Portrait eines radikalen Demokraten

[Biographie Felix Fechenbach]

Am 3. Februar 1914 versammeln sich etwa 25 Jugendliche im kleinen Saal des Gewerkschaftshauses in der Pestalozzistraße um eine „Jugend-Sektion“ des Sozialdemokratischen Vereins München zu gründen. Der Protagonist des Abends heißt Felix Fechenbach.

Am 28. Januar 1894 wird Felix als zweiter Sohn des Bäckers Noe Fechenbach in Mergentheim geboren. Die Eltern betreiben die einzige jüdische Bäckerei in Würzburg und haben es schwer Geld zu verdienen, da sie durch das Backverbot am Sabbat „keine regelmäßigen Lieferungen übernehmen können.“  

Nicht nur aufgrund seiner familiären Situation lernt er frühzeitig, selbstständig zu sein und Verantwortung zu übernehmen. Als Angehöriger des klassischen Proletariats um die Jahrhundertwende kann er nur eine äußerst dürftige Schulausbildung wahrnehmen und bricht mit 13 Jahren die Schule ab.

Er beginnt 1910 eine Ausbildung in einer Schuhwarengroßhandlung in Würzburg und „genießt“ - nach eigenem Bekunden - zunächst die „relative Freiheit“. Schon im Alter von 16 Jahren tritt Fechenbach unter Einfluss seines älteren Bruders, der gewerkschaftlich aktiv ist, in den „Zentralverband der Handlungsgehilfen und -gehilfinnen Deutschlands“ ein und wird somit in der Arbeiterbewegung aktiv.

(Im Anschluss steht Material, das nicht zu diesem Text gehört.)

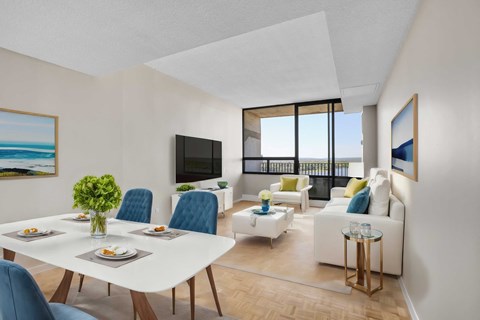 A modern living room with a dining table set for four.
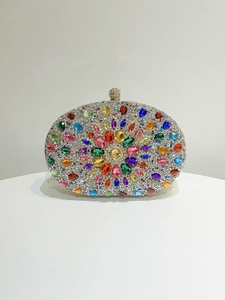 Macro detail of colorful oval gemstones and silver crystals on the luxury evening clutch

Parallel dazu engagiert er sich in der sozialdemokratischen Jugendbewegung, z.B. im Jugendbund Würzburg, die für ihn sozusagen zu seiner politischen Heimat wird. 1911 zieht er alleine nach Frankfurt am Main und wird erneut Handlungsgehilfe in einer Schuhwarengroßhandlung, wo er im Alter von 17 (!) Jahren einen Widerstand des Personals organisiert, welches bei schlechter Bezahlung noch zusätzliche unbezahlte Arbeitszeit leisten soll, woraufhin er entlassen wird.

Im Jahre 1912 zieht es Fechenbach nach München, wo er nach kurzer Tätigkeit in einem Schuhwarengeschäft als Hilfsarbeiter im Arbeitersekretariat der Gewerkschaft beschäftigt wird. Zusätzlich zu seinem Beratungsjob hält er Vorträge, schreibt für die Handelsgehilfen-Zeitung und für die Münchener Post (die Sozialdemokratische Zeitung) und besucht abends die Fortbildungsschule, um seine frühere lückenhafte Schulausbildung zu kompensieren.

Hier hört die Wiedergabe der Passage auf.